### Material for the task:

:::

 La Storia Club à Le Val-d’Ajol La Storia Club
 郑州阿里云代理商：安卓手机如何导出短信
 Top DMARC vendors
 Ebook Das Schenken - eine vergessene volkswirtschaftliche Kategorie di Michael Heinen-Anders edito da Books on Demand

:::

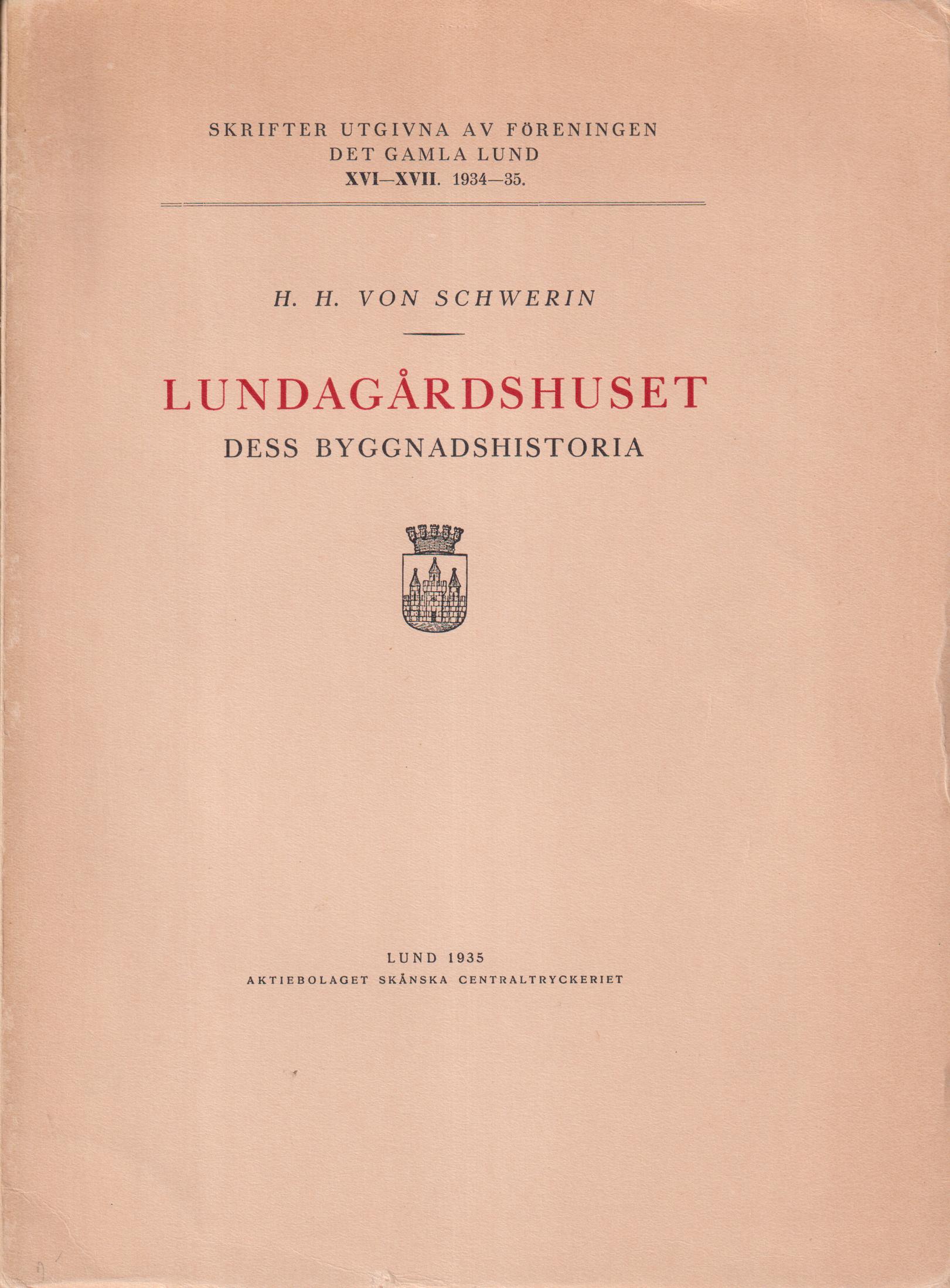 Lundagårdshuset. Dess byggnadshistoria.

:::

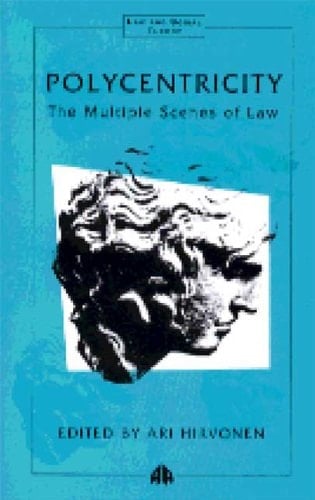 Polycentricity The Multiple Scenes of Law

:::

### Requirement:
With the first line being the one containing "La Storia Club à" and the last line the one containing "Ebook Das Schenken", transcribe exactly the lines above that fall in that range.

### Your response:
 La Storia Club à Le Val-d’Ajol La Storia Club
 郑州阿里云代理商：安卓手机如何导出短信
 Top DMARC vendors
 Ebook Das Schenken - eine vergessene volkswirtschaftliche Kategorie di Michael Heinen-Anders edito da Books on Demand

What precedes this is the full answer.